第5話 黒焦げ
結婚してから三度目の転勤でした。
子供を産んでからは初めての転勤で、構って欲しい盛りの6カ月の娘をあやしながらの箱詰め作業は、予想以上に時間がかかってしまいました。
しかし、引っ越し先は今までで1番良い物件だったので、越してからというもの私は満足した毎日を送っていたのです。
それも長くは続きませんでした。
気持ちの良い春の昼下がり、娘につられて寝室でうとうとしていた時のことです。
突然、娘が泣き喚き始めました。
昼寝の最中に泣くことは初めてだったので、どうしたんだろうと思いながらベビーベッドを覗き込みました。
すると、額の右上の方に黒いすすが付いているのです。
ぎょっとして思わずこすると普通に取れました。
私は娘を抱っこしてあやしながら、どこで付いたんだろうとベッドの中や縁など探しました。

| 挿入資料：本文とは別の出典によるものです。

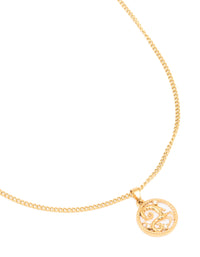 Waterproof Gold Plated Stainless Steel Circle Capricorn Zodiac Sign Necklace - link has visual effect only
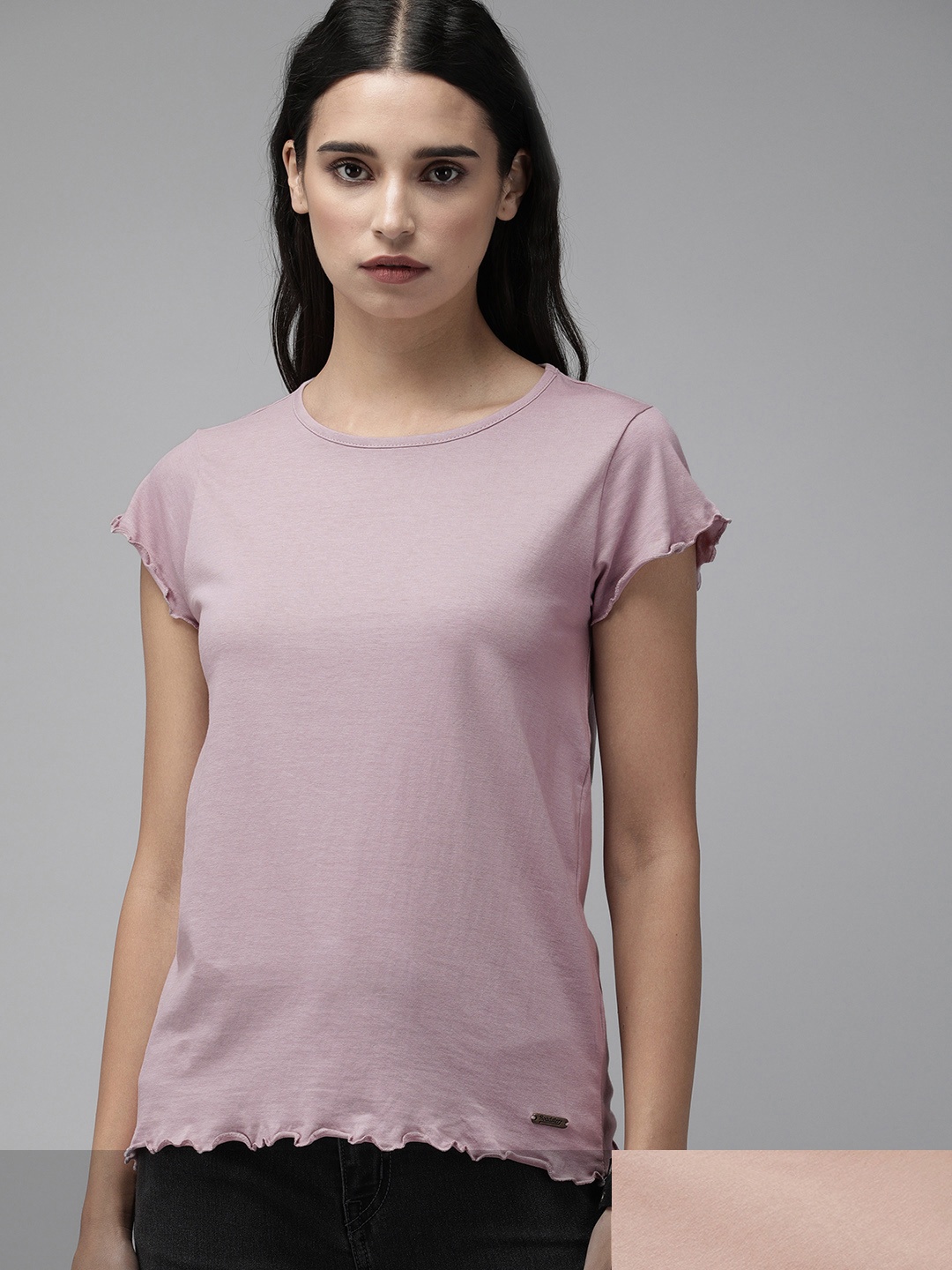 

Roadster Women Pack of 2 Pure Cotton T-shirts, Pink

すると、娘が頭を置いている方向、外側のベッドの柱の一部にすすが付いていました。
引っ越して置いたときはすすなど付いていませんでした。
いつ付いたんだろう、なぜ...
わたしはタオルで綺麗に拭き取り、なんとなく気持ち悪くてリビングに移動してその日の午後は眠りました。
また別の日、夫がその日は仕事が休みだったので、娘と寝室で昼寝していたのです。
わたしはキッチンで洗い物をしていたのですが、娘の泣き声が聞こえました。
手が泡だらけだったので、とりあえず夫に任せようと無視していたら、「なんだこれ!」と夫の叫び声が聞こえました。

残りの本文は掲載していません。